Franz sitzt zwanzig meter weg von dem da oben. Wie ist es moeglich, dass er sieht und hoert? Keine zeitlupe, keine vergroesserung und kein verstaerker. Ein kleiner cheche, eine kleine gitarre, die riesige kirche und all die vielen ohren. Das stueck hat die nummer neununzwanzig und erzaehlt von einem gespraech zwischen einem paar. Zuerst denkt Franz, dass die beiden alt seien und sich streiten. Der mann der brummelt, die frau, sie ist viel schneller und viel hoeher, der mann kann ihren worten kaum folgen, aber er versuchts. Der streit ist alt, schon tausendmal gefuehrt, der ausgang klar von anfang an. Die vielen ohren kennen ihn und muessen laecheln, bald koennen sie das lachen nicht mehr halten in der evagelischen kirche. Die frau spricht das thema an, zuerst ganz sanft, im hintergrund hoert man es aber schon grummeln, das thema verzweigt sich wird filigraner und schneller bis hysterisch, man hoert den mann denken, nach einer antwort suchen. Alle wissen, er muss antworten, und er tuts, waehlt brustton, noch ueberzeugt, aber er wird sich schon verheddern und zwischenrein , immer wieder die frau, bis sie wieder am reden ist und der mann begleitet. Neue themen in all den variationen bis hin zum flagolett, dem leisesten, was die gitarre bieten kann. Alle, die da hoeren, kennen das, es ist ihr streit. Franz seiht sie da sitzen alte, junge, alle lachen. Die beiden die da oben streieten sind jetzt nicht mehr zwei alte leute , verheddert in ihrem ewigen streit, es sind zwei liebende geworden, ihr streit ist teil ihres spiels um ihre liebe, um ihre staerken und die schwaechen und die wirklichkeit.

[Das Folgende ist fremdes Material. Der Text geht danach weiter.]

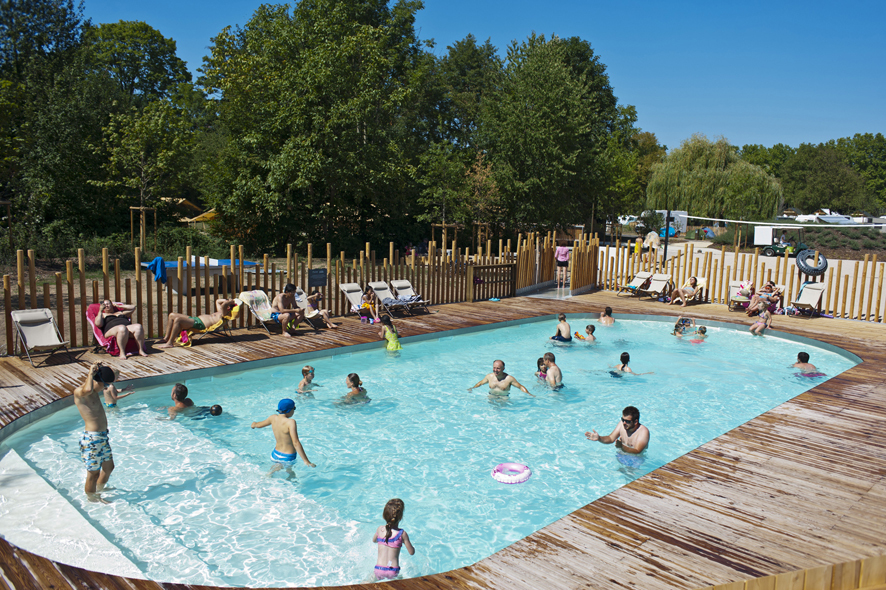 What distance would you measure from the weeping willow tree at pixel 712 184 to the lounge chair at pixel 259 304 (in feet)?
113

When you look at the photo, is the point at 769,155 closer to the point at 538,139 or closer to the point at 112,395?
the point at 538,139

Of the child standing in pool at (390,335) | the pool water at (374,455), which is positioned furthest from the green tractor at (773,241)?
the child standing in pool at (390,335)

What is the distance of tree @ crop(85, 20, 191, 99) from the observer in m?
45.8

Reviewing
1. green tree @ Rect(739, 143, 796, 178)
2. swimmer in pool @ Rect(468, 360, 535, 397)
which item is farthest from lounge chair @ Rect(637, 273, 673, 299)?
green tree @ Rect(739, 143, 796, 178)

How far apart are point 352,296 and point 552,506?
28.9 ft

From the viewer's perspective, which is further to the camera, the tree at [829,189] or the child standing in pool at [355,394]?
the tree at [829,189]

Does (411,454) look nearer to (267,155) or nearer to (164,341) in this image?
(164,341)

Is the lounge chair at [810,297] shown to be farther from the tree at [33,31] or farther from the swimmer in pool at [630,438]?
the tree at [33,31]

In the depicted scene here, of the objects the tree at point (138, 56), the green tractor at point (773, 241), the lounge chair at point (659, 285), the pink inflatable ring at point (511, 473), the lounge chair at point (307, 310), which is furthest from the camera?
the tree at point (138, 56)

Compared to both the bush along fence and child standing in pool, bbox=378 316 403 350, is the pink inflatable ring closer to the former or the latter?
child standing in pool, bbox=378 316 403 350

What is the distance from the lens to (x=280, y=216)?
27.6 m

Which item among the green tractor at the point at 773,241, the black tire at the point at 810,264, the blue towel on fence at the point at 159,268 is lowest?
the blue towel on fence at the point at 159,268

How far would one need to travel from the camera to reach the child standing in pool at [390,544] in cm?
454

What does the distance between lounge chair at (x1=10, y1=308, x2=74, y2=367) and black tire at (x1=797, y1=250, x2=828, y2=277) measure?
55.7ft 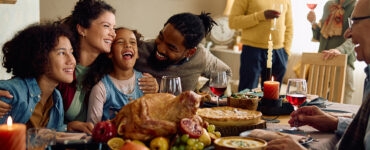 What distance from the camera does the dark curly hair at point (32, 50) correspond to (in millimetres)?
1834

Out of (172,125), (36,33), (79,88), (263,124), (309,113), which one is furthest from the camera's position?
(79,88)

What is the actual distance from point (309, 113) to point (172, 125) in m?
0.83

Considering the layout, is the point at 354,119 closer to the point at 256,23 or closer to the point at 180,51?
the point at 180,51

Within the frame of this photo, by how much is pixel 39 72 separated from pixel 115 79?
19.0 inches

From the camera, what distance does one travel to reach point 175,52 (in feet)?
7.72

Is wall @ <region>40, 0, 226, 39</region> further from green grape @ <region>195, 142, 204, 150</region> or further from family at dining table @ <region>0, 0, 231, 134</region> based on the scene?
green grape @ <region>195, 142, 204, 150</region>

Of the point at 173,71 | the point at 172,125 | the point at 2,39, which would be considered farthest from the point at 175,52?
the point at 2,39

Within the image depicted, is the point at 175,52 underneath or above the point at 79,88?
above

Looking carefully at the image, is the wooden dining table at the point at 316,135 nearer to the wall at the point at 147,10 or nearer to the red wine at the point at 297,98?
the red wine at the point at 297,98

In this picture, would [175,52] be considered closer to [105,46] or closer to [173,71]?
[173,71]

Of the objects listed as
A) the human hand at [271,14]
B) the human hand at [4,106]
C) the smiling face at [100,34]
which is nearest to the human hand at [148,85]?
the smiling face at [100,34]

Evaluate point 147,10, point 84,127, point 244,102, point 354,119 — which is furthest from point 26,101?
point 147,10

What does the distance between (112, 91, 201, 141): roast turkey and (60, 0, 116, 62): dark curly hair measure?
1028 mm

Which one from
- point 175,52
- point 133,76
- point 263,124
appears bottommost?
point 263,124
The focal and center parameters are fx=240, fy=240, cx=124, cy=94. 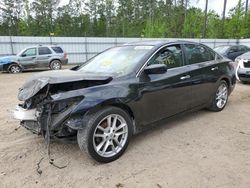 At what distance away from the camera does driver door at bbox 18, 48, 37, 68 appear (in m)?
13.7

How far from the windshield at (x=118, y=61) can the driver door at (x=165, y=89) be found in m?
0.23

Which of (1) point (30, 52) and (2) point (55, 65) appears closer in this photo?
(1) point (30, 52)

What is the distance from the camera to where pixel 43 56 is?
46.7ft

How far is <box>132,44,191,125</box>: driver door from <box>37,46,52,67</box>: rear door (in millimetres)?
11578

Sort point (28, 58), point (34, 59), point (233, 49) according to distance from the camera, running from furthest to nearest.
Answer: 1. point (233, 49)
2. point (34, 59)
3. point (28, 58)

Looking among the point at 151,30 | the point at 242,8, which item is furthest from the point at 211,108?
the point at 242,8

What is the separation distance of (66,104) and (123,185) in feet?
3.85

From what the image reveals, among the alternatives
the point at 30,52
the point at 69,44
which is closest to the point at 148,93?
the point at 30,52

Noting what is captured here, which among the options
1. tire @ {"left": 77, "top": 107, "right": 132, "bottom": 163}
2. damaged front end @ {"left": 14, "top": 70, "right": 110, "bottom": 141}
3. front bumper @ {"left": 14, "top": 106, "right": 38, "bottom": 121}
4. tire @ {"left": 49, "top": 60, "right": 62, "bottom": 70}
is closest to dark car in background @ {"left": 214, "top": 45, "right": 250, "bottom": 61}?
tire @ {"left": 49, "top": 60, "right": 62, "bottom": 70}

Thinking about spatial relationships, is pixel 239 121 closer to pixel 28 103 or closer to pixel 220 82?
pixel 220 82

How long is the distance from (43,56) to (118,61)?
37.6 ft

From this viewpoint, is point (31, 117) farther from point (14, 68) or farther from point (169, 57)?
point (14, 68)

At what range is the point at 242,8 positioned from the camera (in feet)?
107

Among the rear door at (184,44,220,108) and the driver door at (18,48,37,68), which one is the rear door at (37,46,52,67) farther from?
the rear door at (184,44,220,108)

Virtuos, kommt von lateinisch vir, mann, mensch, also maennlich, menschlich.
In der pause spricht jeder mit jedem, keiner kann sich halten, wo normal kleine grueppchen von bekannten leise reden, spricht der fremde mit dem fremden. Hast du das gesehen, so was hab ich noch nie erlebt, und die stelle , wo... , diese geste, wo.......... selbst die grammatik faellt auf die stufe zurueck, als die ersten musketierfilme unter kindern kommentiert wurden oder die spiele der brasilianer mit pele. Jeder hat das gefuehl, ein besserer mensch geworden zu sein, dass heute ein neues leben angefangen habe, das lachen ist in den gesichtern, zuversicht in den herzen.
Und das war erst die erste halbzeit, und zu der zweiten wird er mit der richtigen gitarre kommen. Und das, das schaut ihr am besten selber an. Schaut nach bei merz im internet , ob ihr ihn da findet, den tschechen mit der kleinen aber romantischen gitarre. Er gibt konzerte und ist sicher einmal im jahr in deiner naehe.